StakeWise should take a data-driven approach to liquidity and incentives. Dashboards should be created that include slippage/spread data, volumes, incentives, peg stability, pool composition, APY (broken down between incentives and volumes), and utilization, all on a per pool basis and aggregated. This data will allow the DAO and the StakeWise Liquidity Committee to evaluate the liquidity strategy over time and identify areas for improvement.
The topic of liquidity is incredibly complex with a multitude of different options for deploying and incentivising osETH liquidity. The above details a route which utilizes the most battle-tested technology to reduce the overall risk and improves upon the capital efficiency of the DAO’s current liquidity strategy. Not only will the above strategy reduce the incentive costs for the DAO, but it will also provide osETH with the liquidity necessary for a Chainlink Price feed and high quality DeFi integrations.
Please take the time to review this liquidity strategy alongside the proposal to introduce the StakeWise Liquidity Committee. Feedback from the community is important to help finalize the structure of the liquidity strategy before it heads to a vote.

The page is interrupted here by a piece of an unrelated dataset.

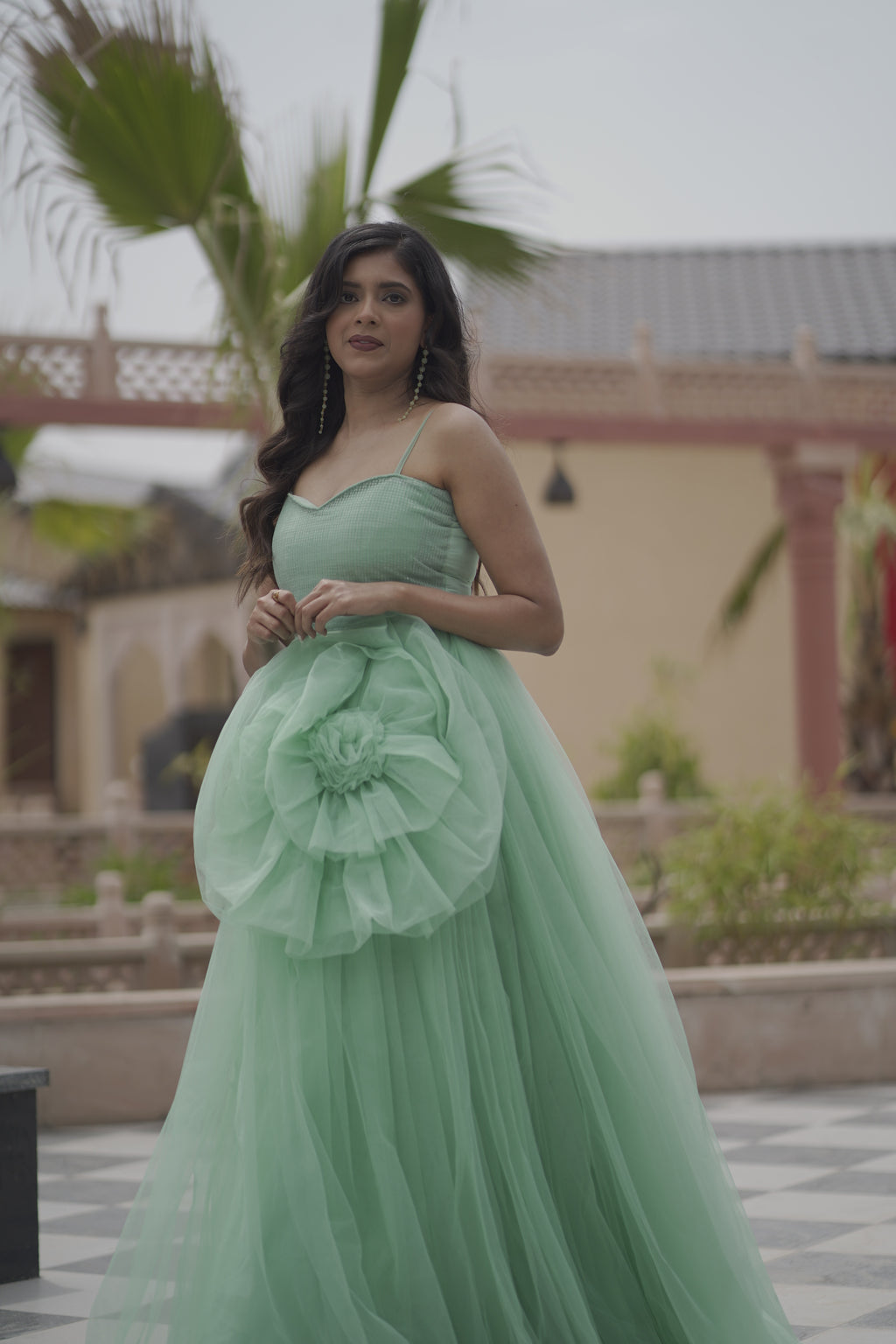 Pistachio Princess Ball Gown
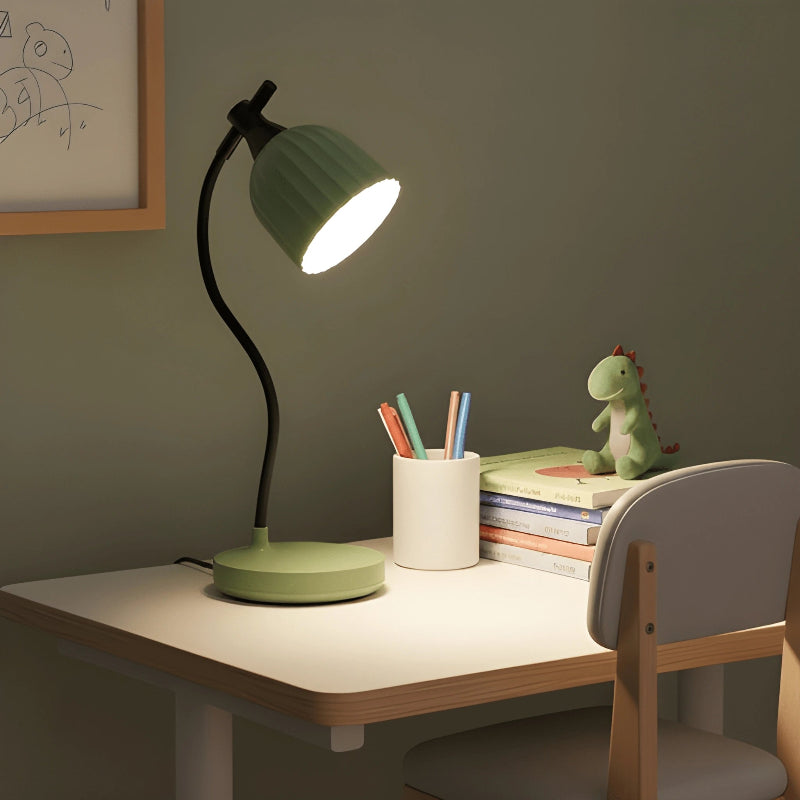 Lampe de Bureau Enfant Pastel LED vert kaki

Following feedback from the community, the following revisions are made to the osETH liquidity strategy:
» Monitoring must be in place to evaluate what happens to SWISE used as bribes to determine whether or not bribing does indeed increase the sell pressure compared to direct SWISE incentives. Analysis to also be done on the type of LPs in the new pool.
» Should sell pressure increase due to bribing, a fallback plan should be in place to reduce the amount of bribes and increase direct SWISE incentives. Direct SWISE incentives can be achieved by deploying SWISE emissions directly to users of Balancer and/or Aura. Quest, for example, would allow the SLC a high degree of flexibility for how capital is deployed as bribes vs direct incentives and provides a path towards a hybrid of bribing and direct incentives.
» The goal is not just to minimise the need for liquidity incentives via SWISE emissions, but to reduce those emissions to 0 in time.
» Actively explore the addition of solutions/liquidity pools that can help StakeWise obtain this liquidity goal, such as deploying a Boosted Balancer pool between osETH-ETH providing there is appetite for such pools by LPs.